Freshly made sweets line the counters at Pagnol Bakery.

That included Mark’s home, where his wife answered the door to a pair of investigators. This uncomfortable situation motivated Mark to get his business on the right side of the law by changing the law.

 

“I tried to write my own law with help from the Sustainable Economies Law Center but I had no idea what I was doing and failed,” Mark remembers. After learning of the baker’s plight, L.A.-based California Assemblyman Mike Gatto reached out and helped Mark draft the bill that’s on the books today as California’s Homemade Food Act. The law, which took effect in 2013, has enabled more than 1,200 permit holders to sell their homemade food.

 

Amid the battle for a cottage food law, Mark and his wife took a trip up the coast and stopped in Los Osos. They fell in love with the small town and befriended the owner of 3rd Street Bakery, which operated out of a quaint blue cottage. When the owner of that bakery passed away, Mark accepted the widow’s offer to buy the building.

Pagnol Bakery’s Jessica holds freshly baked cookies.

Pagnol, named for Mark’s favorite French writer, now sells classic European-style breads. But Mark doesn’t bake these loaves himself. “I continue baking bread for my L.A. customers but I handed the reins over to a new head baker,” Mark says. “It’s my style and recipe but now I’m a businessman. Looking back on it all, I’m glad I was able to help others get their own businesses started.”

Mark Stambler, owner of Pagnol @ Third Street Bakery in Los Osos.

Breaking tradition

When she moved from Montana to San Luis Obispo in the 1980s to work as a defense attorney, Sheila McCann fell in love with the coastal town’s charm. At the same time, she realized the career she’d spent 14 years studying for in law school, including Harvard, wasn’t the right fit.

“I got burned out and wanted to do something more positive,” Sheila recounts. “A judge pulled me aside after I put in my resignation and said I was throwing my life away.”

Though she had no idea how to bake even the simplest loaf of bread, Sheila knew she didn’t want to work a government job so in 1996, she went all in on opening House of Bread. “I bought the shop and hired a consultant to give me a crash course in bread making,” Sheila says. “The consultant was here Friday to Sunday and when I opened the shop all by myself Monday, I ended up in tears.”

Many of the loaves she produced were scorched or undercooked and the ones she could sell sold out before the lunch hour. “I realized I’d opened a bakery without knowing how to bake,” Sheila recalls.
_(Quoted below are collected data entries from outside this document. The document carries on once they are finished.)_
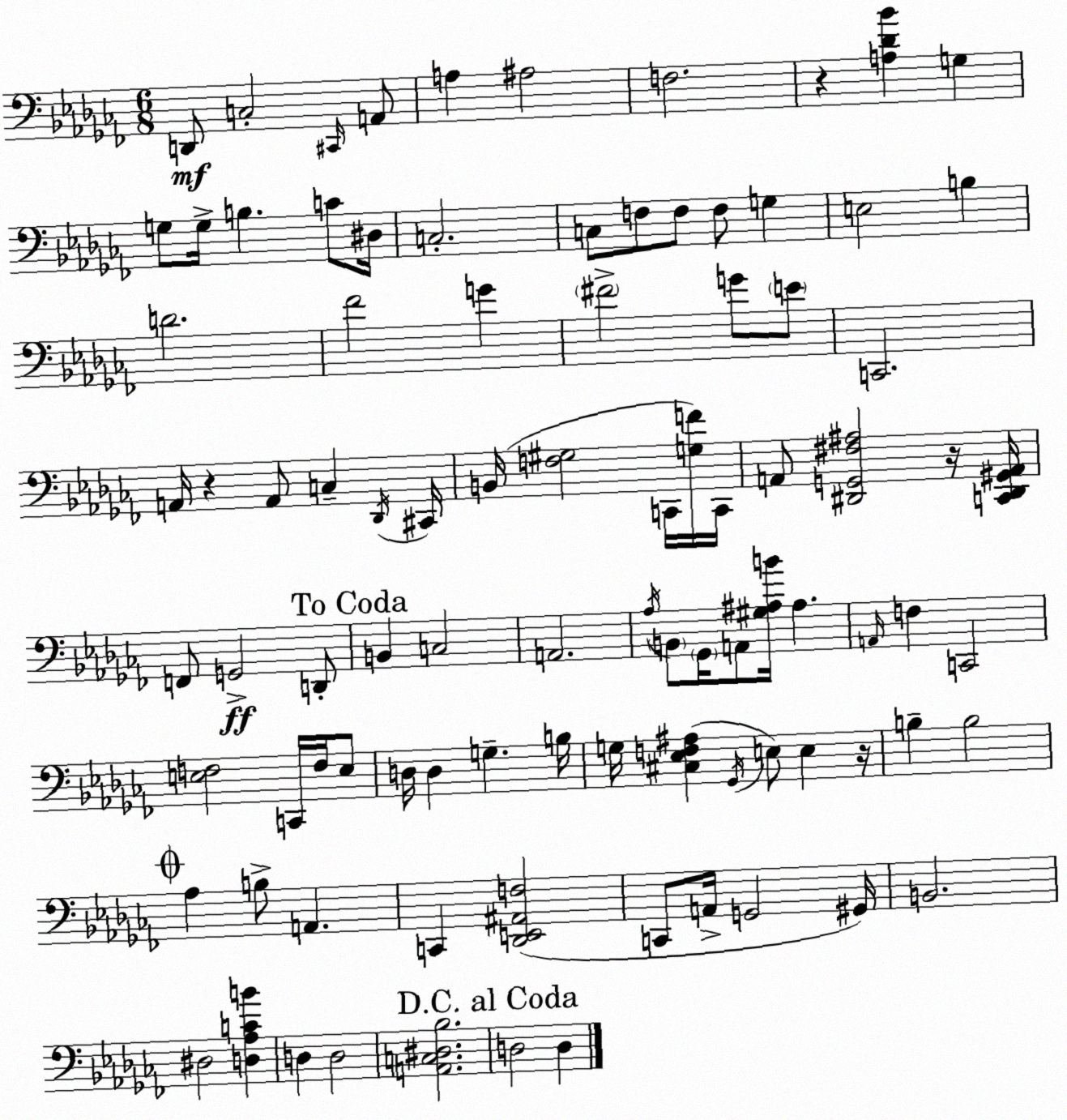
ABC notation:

X:1
T:Untitled
M:6/8
L:1/4
K:Abm
D,,/2 C,2 ^C,,/4 A,,/2 A, ^A,2 F,2 z [A,_D_B] G, G,/2 G,/4 B, C/2 ^D,/4 C,2 C,/2 F,/2 F,/2 F,/2 G, E,2 B, D2 _F2 G ^F2 G/2 E/2 C,,2 A,,/4 z A,,/2 C, _D,,/4 ^C,,/4 B,,/4 [F,^G,]2 C,,/4 [G,F]/4 C,,/4 A,,/2 [^D,,G,,^F,^A,]2 z/4 [C,,^D,,^G,,A,,]/4 F,,/2 G,,2 D,,/2 B,, C,2 A,,2 _A,/4 B,,/2 _G,,/4 A,,/2 [^G,^A,B]/4 ^A, A,,/4 F, C,,2 [E,F,]2 C,,/4 F,/4 E,/2 D,/4 D, G, B,/4 G,/4 [^C,_E,F,^A,] _G,,/4 E,/2 E, z/4 B, B,2 _A, B,/2 A,, C,, [_D,,E,,^A,,F,]2 C,,/2 A,,/4 G,,2 ^G,,/4 B,,2 ^D,2 [D,_A,CB] D, D,2 [A,,C,^D,_B,]2 D,2 D,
House of Bread Owner Sheila McCann.

Repeated failures, a sacrifice of ego and hiring experienced bakers enabled Sheila to get this runaway train back on the tracks. With a skilled baking team keeping the shelves stocked, Sheila began refining her ingredients and expanding her offerings.
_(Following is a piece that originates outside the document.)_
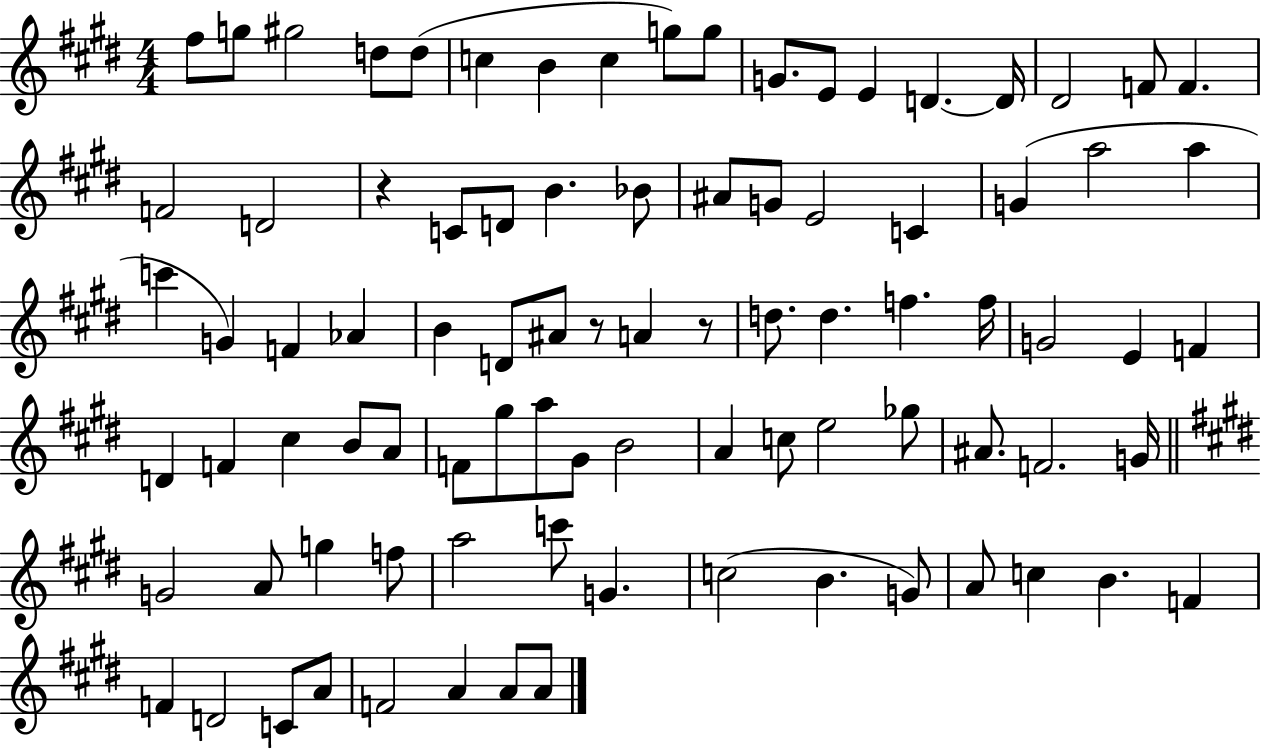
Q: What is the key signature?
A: E major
“We source our grain from Montana because I need double digit protein for the bread to hold together,” Sheila says. “A lot of other bread manufacturers add ‘vital gluten,’ which is an unnaturally high amount of gluten. We don’t add that so we have to source from mountainous regions like Montana, where protein levels are higher.”
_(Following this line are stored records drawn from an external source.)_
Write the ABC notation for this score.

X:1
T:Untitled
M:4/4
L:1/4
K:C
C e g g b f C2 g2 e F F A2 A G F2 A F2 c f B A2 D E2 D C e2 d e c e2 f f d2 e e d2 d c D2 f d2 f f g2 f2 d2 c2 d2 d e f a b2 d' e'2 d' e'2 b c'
In addition to specialty breads like pesto artichoke sourdough and bread pudding, House of Bread sells pastries.

Bagels and muffins sit behind the glass at House of Bread.

After nearly 25 years at the bakery, Sheila is still pushing herself to learn more and has extended into franchising; House of Bread now has locations in Alaska, California, Nevada and Texas. And thanks to the pandemic, Sheila is now teaching other beginners through her own baking and business podcast called Baking with House of Bread.

“Making bread is so liberating, people have been baking it for centuries,” Sheila says. “I had no idea what I was doing when I started but now, bread is so important to me, it’s always on my dinner table. Meal time is when we all come together and bread helps facilitate that.”